(DATASET EXTRACT begins)

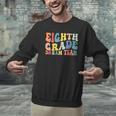 8th Grade Dream Team Teachers Boys Kids Retro Back To School Men Graphic Sweatshirt, gift for family, gift for coworker 8th Grade Dream Team Teachers Boys Kids Retro Back To School Men Graphic Sweatshirt, gift for family, gift for coworker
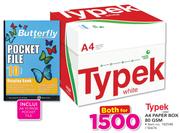 Typek A4 Paper Box 80 GSM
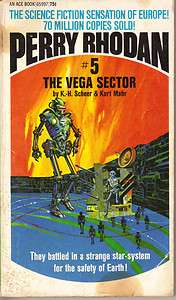 Perry Rhodan #5 The Vega Sector by K.H. Scheer and Kurt Mahr  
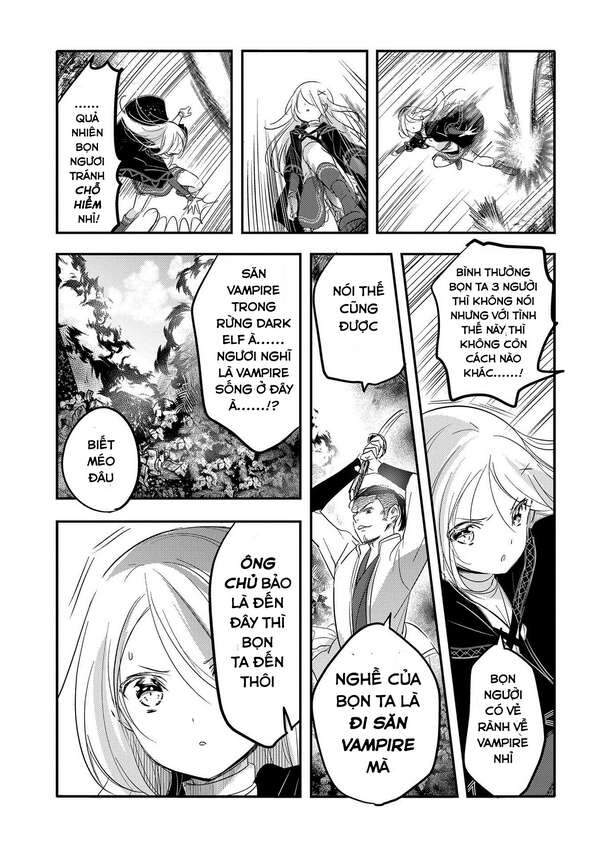 Tensei Kyuuketsukisan Wa Ohirune Ga Shitai Chapter 35 - 20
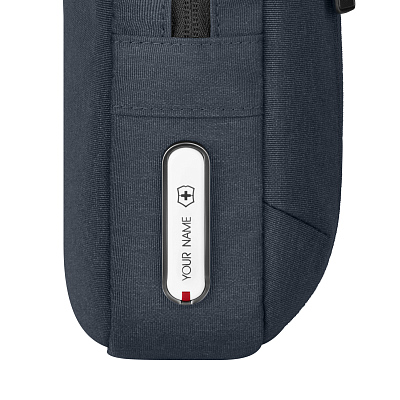 Рюкзак VICTORINOX Architecture Urban2 Deluxe Backpack 15”, синий, полиэстер/кожа, 31x23x46 см, 23 л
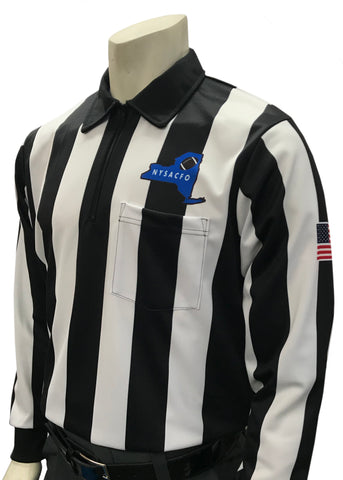 USA129NY - Smitty "Made in USA" -  Dye Sub Cold Weather Football Shirt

(DATASET EXTRACT ends)

YOUR OBJECTIVE:
Set down every record once more, word for word, without pictures.

YOUR SOLUTION:
 8th Grade Dream Team Teachers Boys Kids Retro Back To School Men Graphic Sweatshirt, gift for family, gift for coworker 8th Grade Dream Team Teachers Boys Kids Retro Back To School Men Graphic Sweatshirt, gift for family, gift for coworker
 Typek A4 Paper Box 80 GSM
 Perry Rhodan #5 The Vega Sector by K.H. Scheer and Kurt Mahr  
 Tensei Kyuuketsukisan Wa Ohirune Ga Shitai Chapter 35 - 20
 Рюкзак VICTORINOX Architecture Urban2 Deluxe Backpack 15”, синий, полиэстер/кожа, 31x23x46 см, 23 л
 USA129NY - Smitty "Made in USA" -  Dye Sub Cold Weather Football Shirt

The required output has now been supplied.